#### Your goal
Please give an exact printout of the records, without any pictures.

#### Supplied information
***
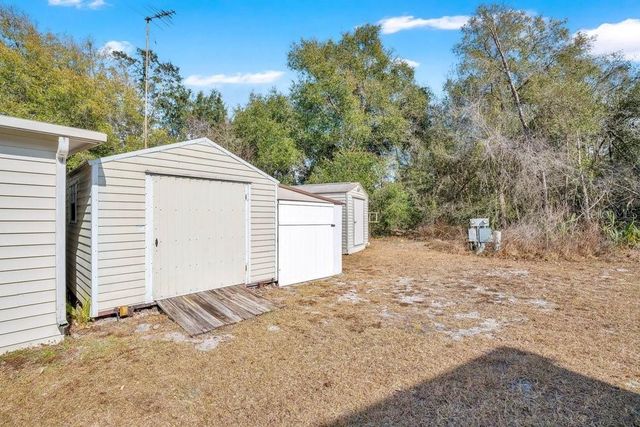 6 FLORENCE BOULEVARD, Debary, FL 32713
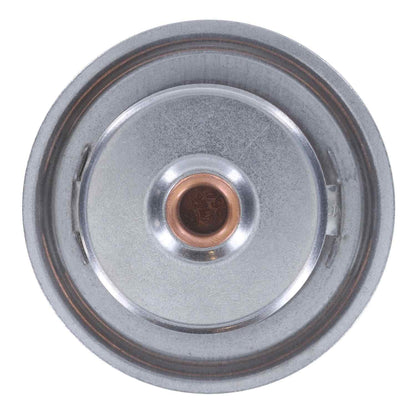 Motorad Engine Coolant Thermostat 248-174
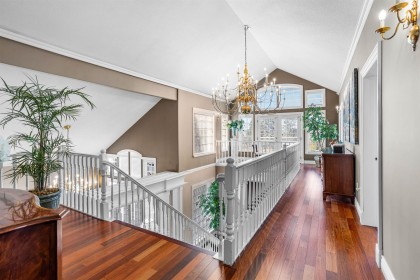 Photo 21 at 745 Capital Court, Citadel PQ, Port Coquitlam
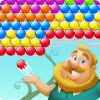 Bubble Giant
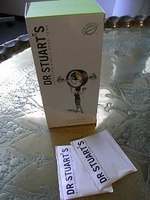 �ɥ����������奢����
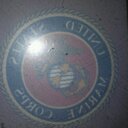 peter  acevedo - @pamarine2013 - Twitter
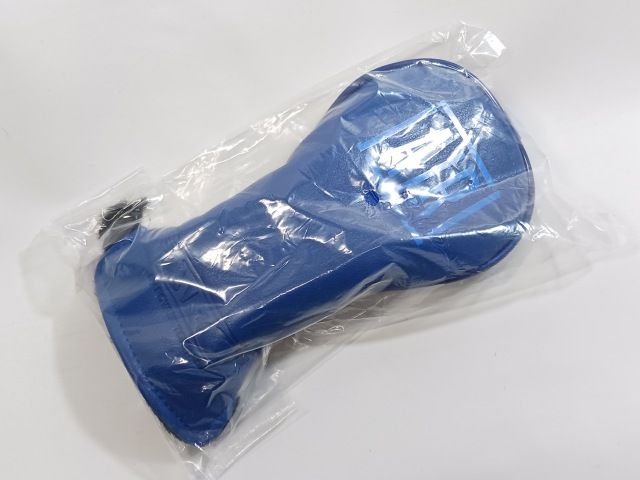 入間□【新品・展示未使用品】 ユーティリティ キャスコ #77 UFO AIR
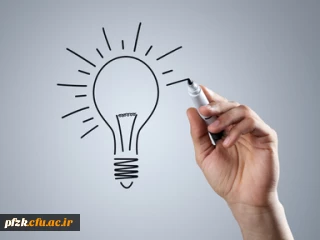 اطلاعیه، طرح و ایده های خلاقانه دانشجویان در زمینه های خدمات رفاهی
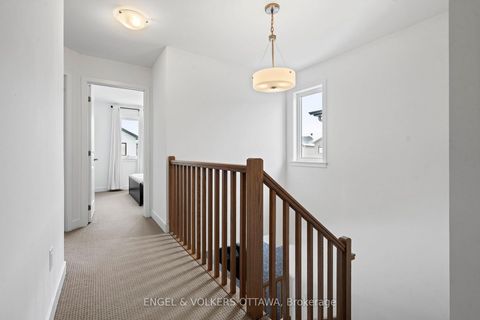 Photo 18 at 2038 Allegrini Terrace, Emerald Meadows/Trailwest, Kanata
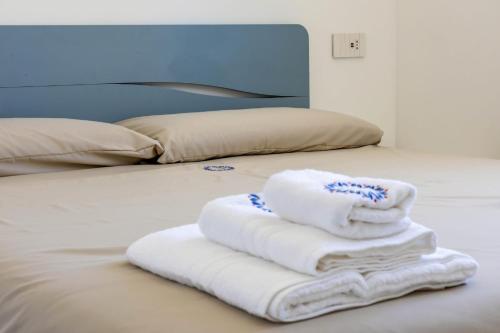 Blu Lodge Guest House photo 2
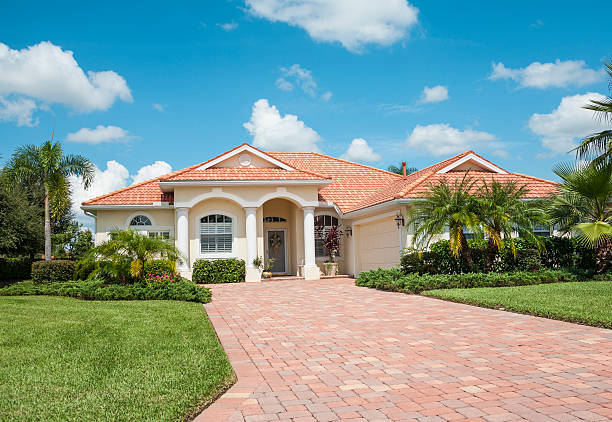 Best Custom Driveway Pavers  in Berkeley, CA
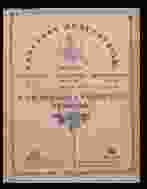 0_16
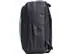 Mochila Costa Em Poliester Mormaii 43X30.5X15Cm Mor-2641 - 1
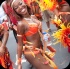 tribe_carnival_tuesday_2014_pt7-104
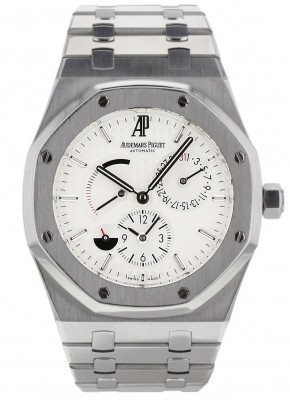 AUDEMARS PIGUET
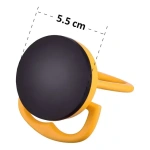 Sopapa ventosa para sacar pantallas 5 cm - Imagen 5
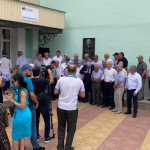 01 Сентября 35 (912) 2023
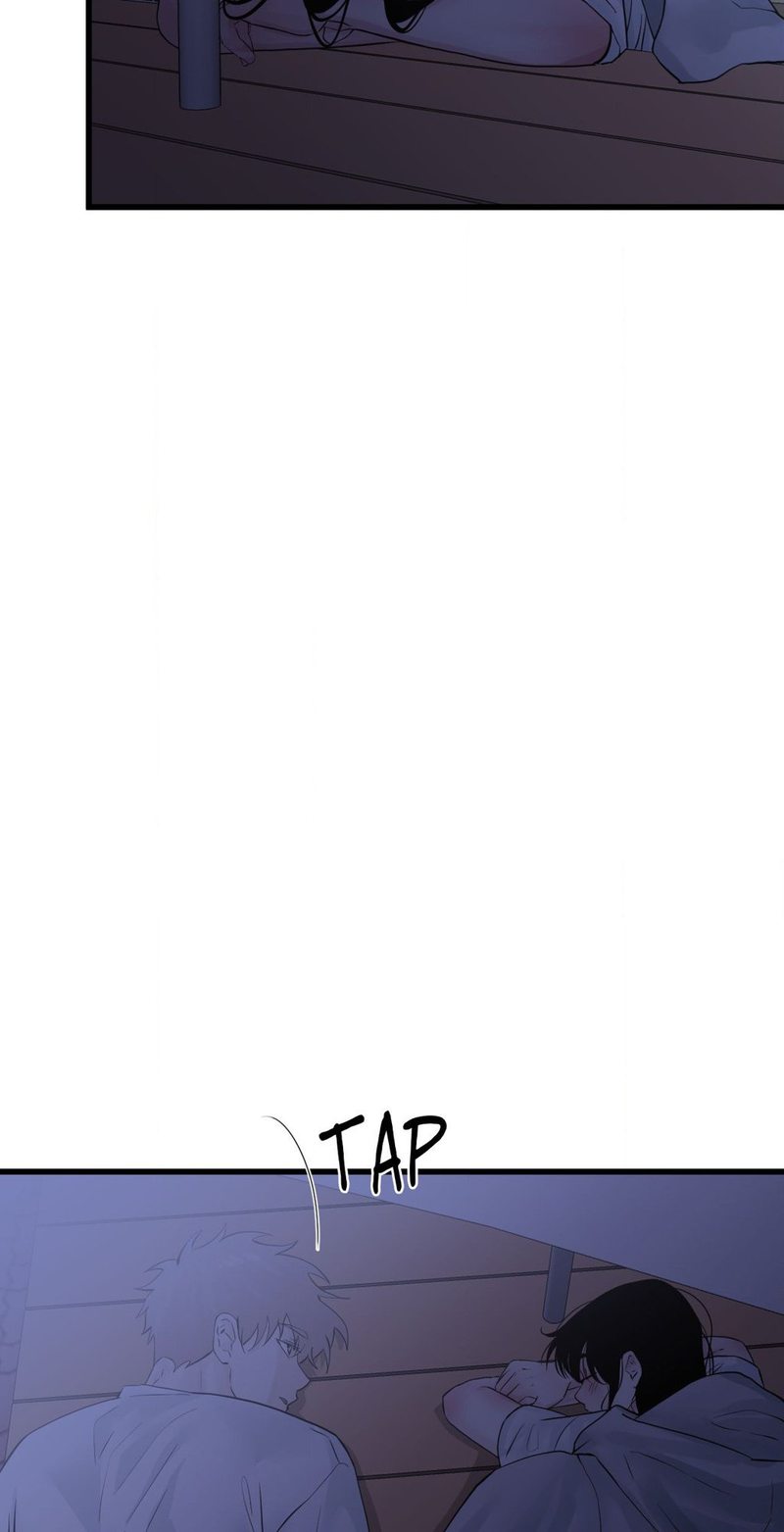 Where the Heart Is Chap Chapter 50-Where the Heart Is - Next Chap 50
***
#### Completed task
 6 FLORENCE BOULEVARD, Debary, FL 32713
 Motorad Engine Coolant Thermostat 248-174
 Photo 21 at 745 Capital Court, Citadel PQ, Port Coquitlam
 Bubble Giant
 �ɥ����������奢����
 peter  acevedo - @pamarine2013 - Twitter
 入間□【新品・展示未使用品】 ユーティリティ キャスコ #77 UFO AIR
 اطلاعیه، طرح و ایده های خلاقانه دانشجویان در زمینه های خدمات رفاهی
 Photo 18 at 2038 Allegrini Terrace, Emerald Meadows/Trailwest, Kanata
 Blu Lodge Guest House photo 2
 Best Custom Driveway Pavers  in Berkeley, CA
 0_16
 Mochila Costa Em Poliester Mormaii 43X30.5X15Cm Mor-2641 - 1
 tribe_carnival_tuesday_2014_pt7-104
 AUDEMARS PIGUET
 Sopapa ventosa para sacar pantallas 5 cm - Imagen 5
 01 Сентября 35 (912) 2023
 Where the Heart Is Chap Chapter 50-Where the Heart Is - Next Chap 50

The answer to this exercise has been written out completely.